● WHAT THE EXERCISE ASKS: Find the line that contains "Outsunny 8 x". Copy it and every line after it to the end of the material below, exactly, with no pictures.

● PROVIDED DATA:
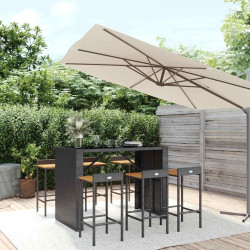 7 Pcs conjunto de bar p/ jardim vime PE/acácia maciça preto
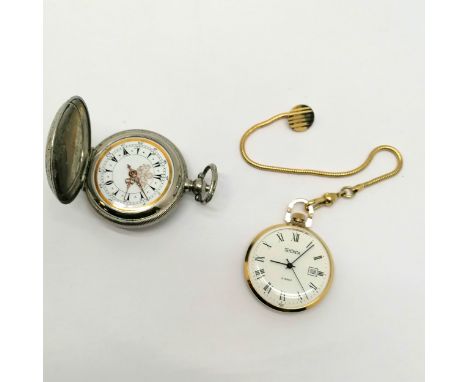 Sekonda gold tone manual wind pocket watch on chain T/W a steel cased hunter pocket watch A/F 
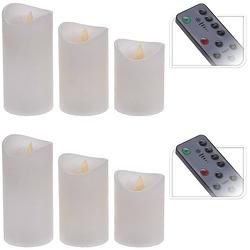Foto van 2x set van 3 witte led stompkaarsen met afstandsbediening - led kaarsen
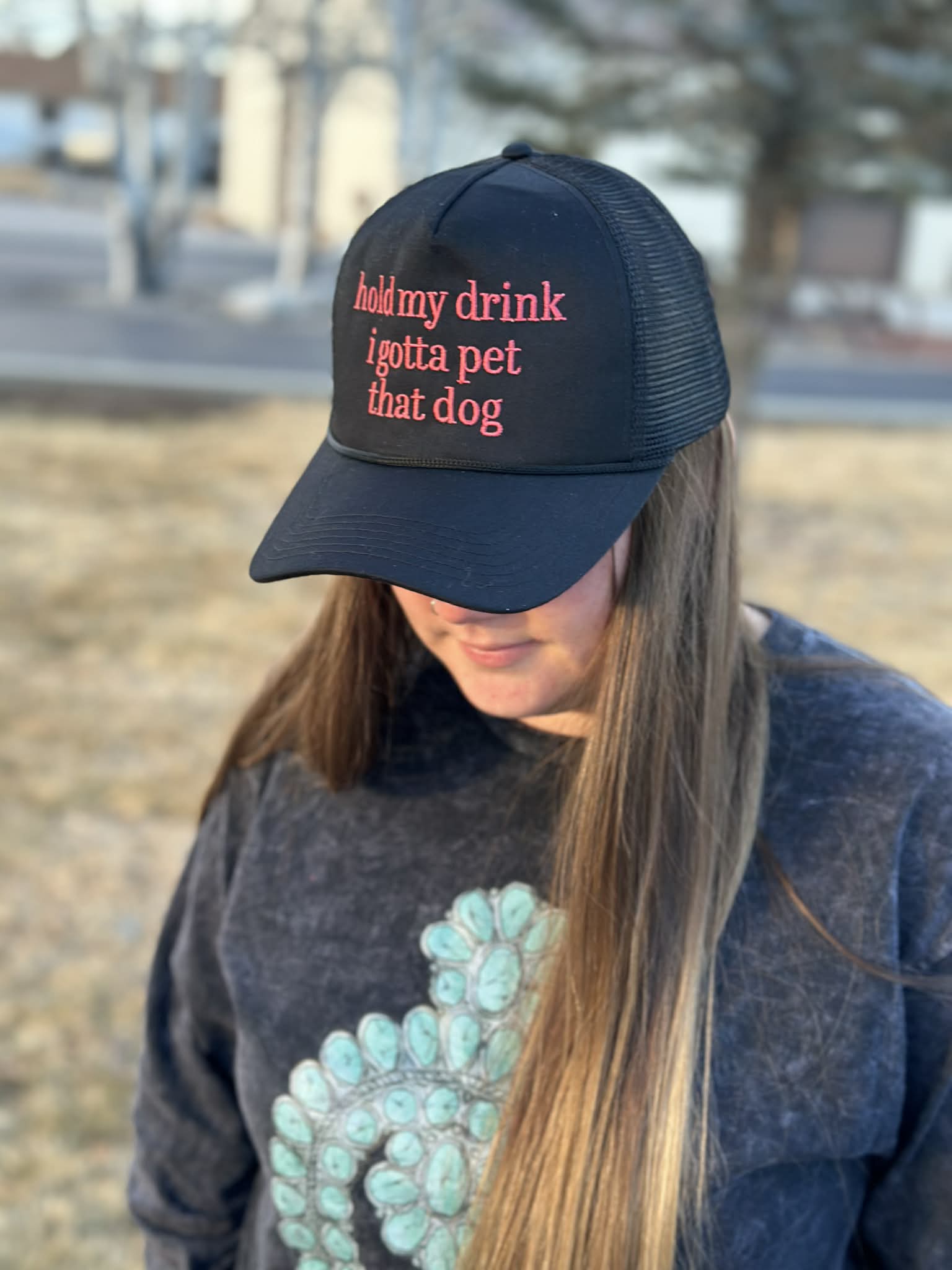 Embroidered Hold my drink while I pet this dog OTTO Hat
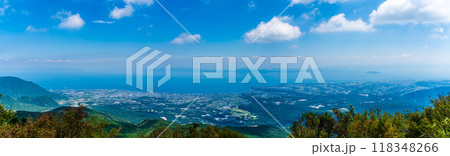 新緑の仁田峠第二展望所からの眺め パノラマ 【長崎県雲仙市】 新緑の仁田峠第二展望所からの眺め パノラマ 【長崎県雲仙市】 118348266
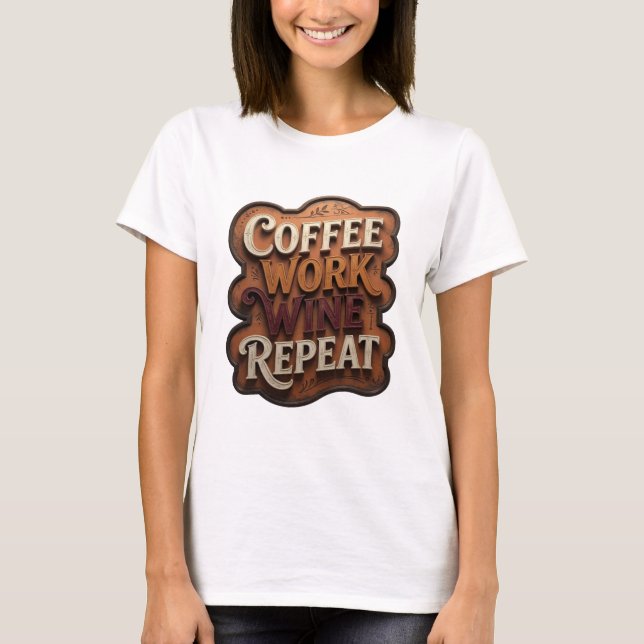 Iconic Orange COFFEE WORK WINE REPEAT Print T-Shirt (Front)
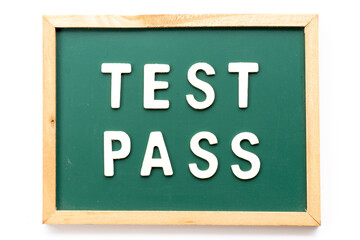 Sticker - Alphabet letter in word test pass in blackboard on white background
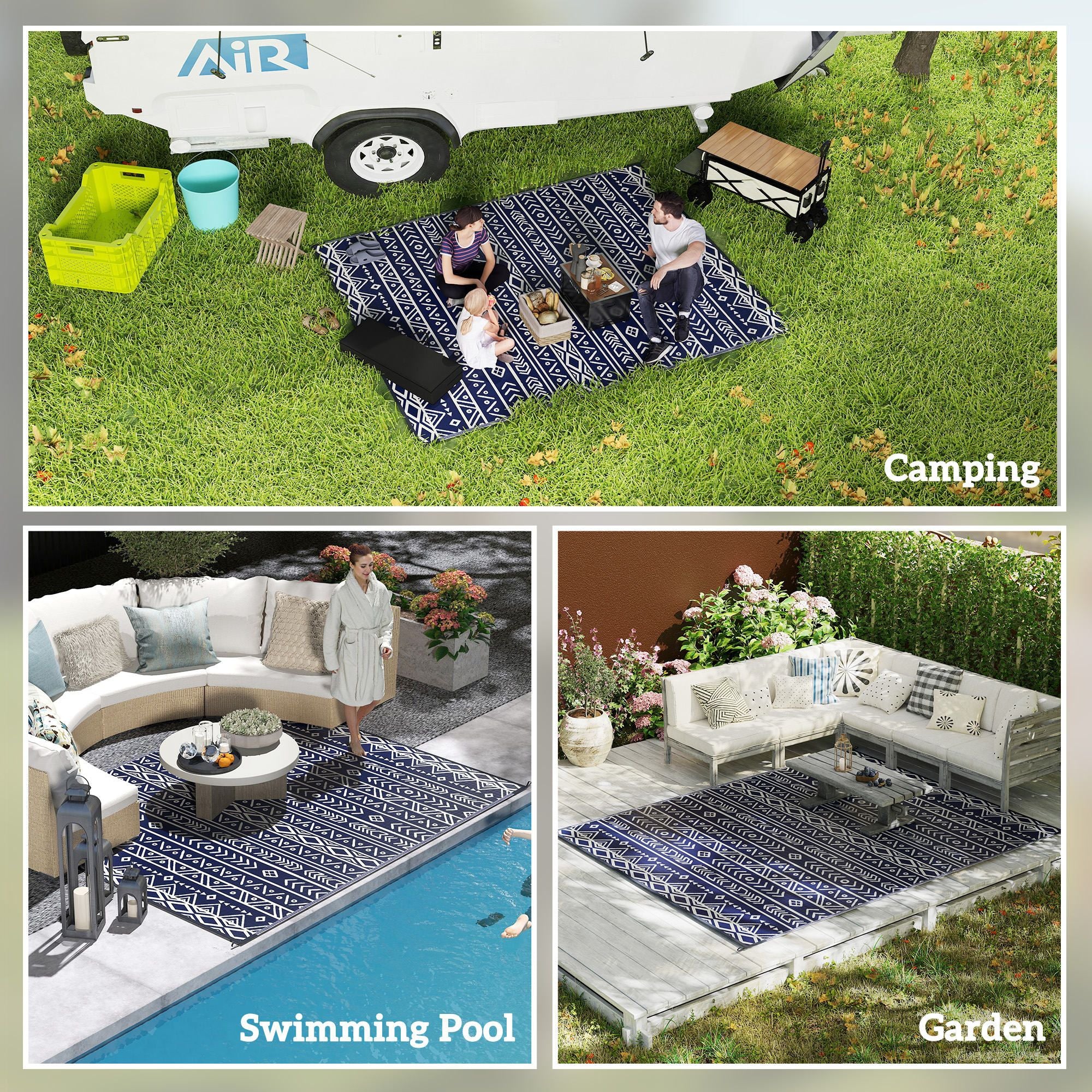 Outsunny 8 x 10 ft Reversible Waterproof Outdoor Rug, Blue & White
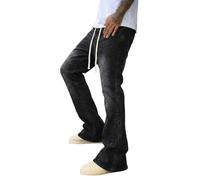 Générique Jean Slim Bootcut Stretch Denim Pantalon décontracté à Jambes fuselées pour Homme Coupe ajustée avec Ourlet évasé Style Polyvalent Quotidien Confection Robuste offrant liberté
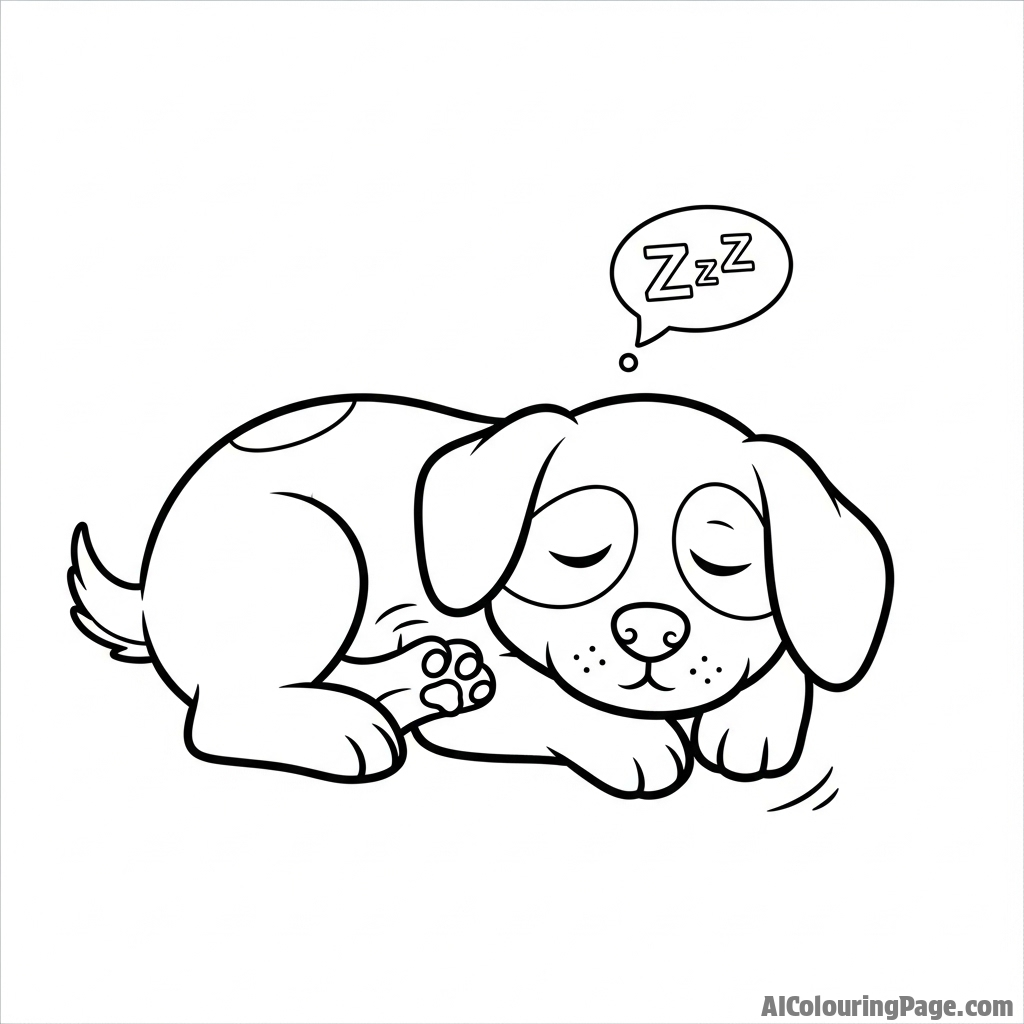 A sleeping dog, its paws twitching as it dreams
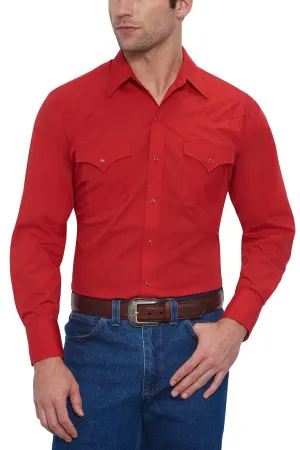 Ely Cattleman Mens L/S Red Solid Snap Shirt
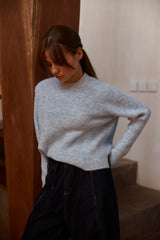 Marli Boxy Rib Knit - Pale Blue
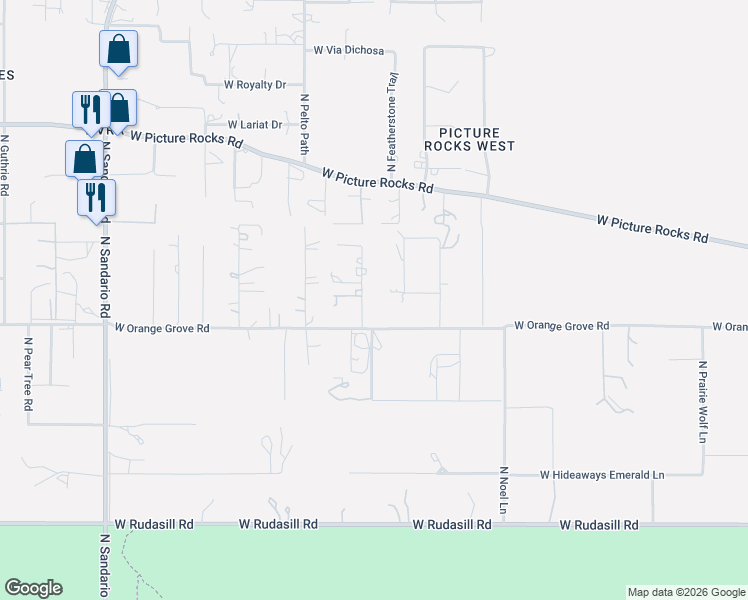 map of restaurants, bars, coffee shops, grocery stores, and more near 6450 North Gemstone Road in Tucson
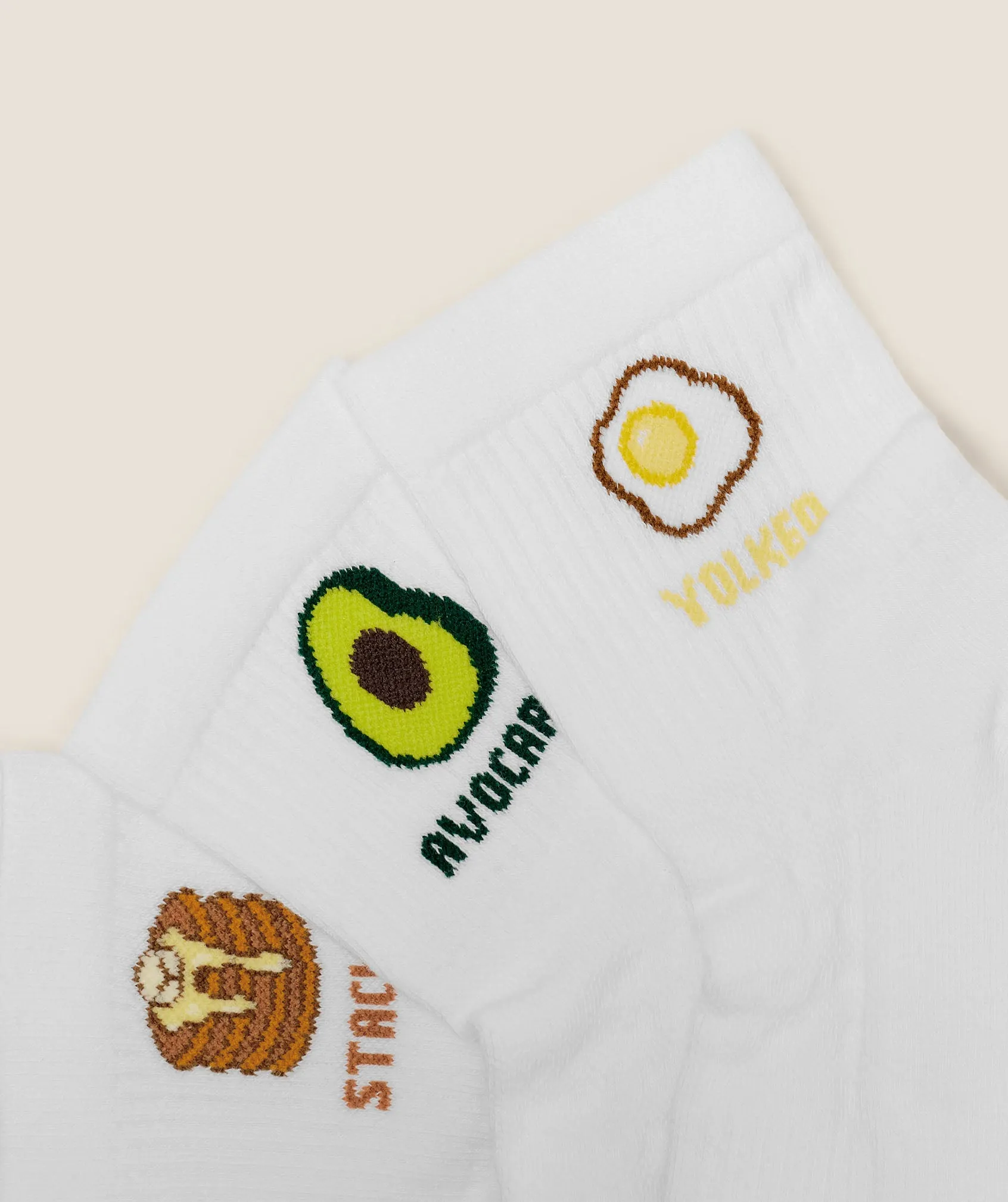 Gymshark Breakfast Graphic Midi Socks 3pk - White sold by Gymshark product image thumbnail 2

● ANSWER SECTION:
 Outsunny 8 x 10 ft Reversible Waterproof Outdoor Rug, Blue & White
 Générique Jean Slim Bootcut Stretch Denim Pantalon décontracté à Jambes fuselées pour Homme Coupe ajustée avec Ourlet évasé Style Polyvalent Quotidien Confection Robuste offrant liberté
 A sleeping dog, its paws twitching as it dreams
 Ely Cattleman Mens L/S Red Solid Snap Shirt
 Marli Boxy Rib Knit - Pale Blue
 map of restaurants, bars, coffee shops, grocery stores, and more near 6450 North Gemstone Road in Tucson
 Gymshark Breakfast Graphic Midi Socks 3pk - White sold by Gymshark product image thumbnail 2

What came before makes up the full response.